TASK PROMPT: Could you print, exactly and without pictures, only the lines from the one with "- Aldingen Vorschau" through the end of the records below?

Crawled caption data
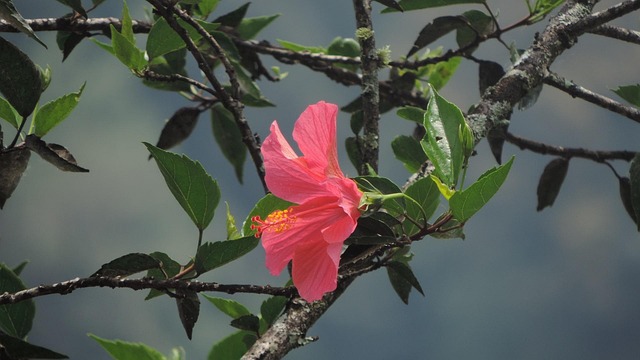 Free Hibiscus Flower photo and picture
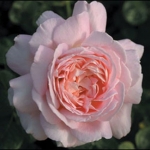 Myriam (Мириам) Amazing Grace (Эмейзинг Грейс)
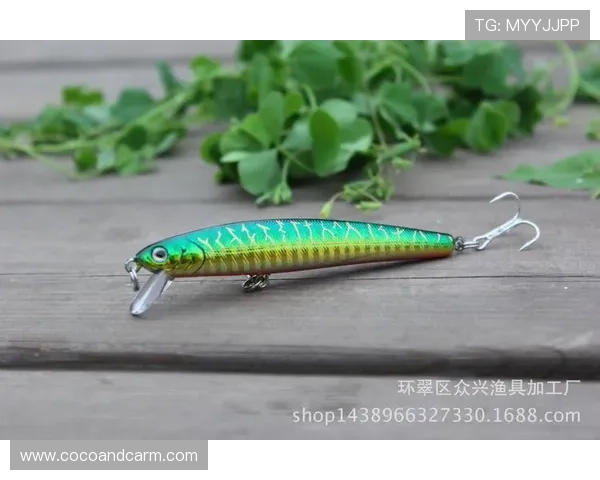 万博manbetx在线账号安全维护技巧保障个人信息安全的实用方法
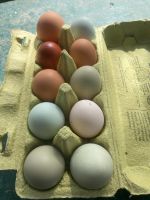 ☀️ Hühner Eier von glücklichen Hühner Natur bunte Eier ☀️ Baden-Württemberg - Aldingen Vorschau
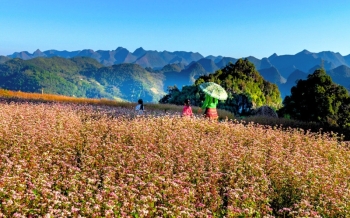 Les ethnies minoritaires à Ha Giang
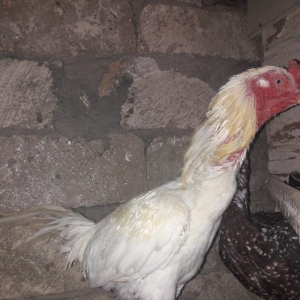 cut satilir cinsi efqan toyuq cilli xoruz ag  qiymet cutune aiddi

RESPONSE AREA:
 ☀️ Hühner Eier von glücklichen Hühner Natur bunte Eier ☀️ Baden-Württemberg - Aldingen Vorschau
 Les ethnies minoritaires à Ha Giang
 cut satilir cinsi efqan toyuq cilli xoruz ag  qiymet cutune aiddi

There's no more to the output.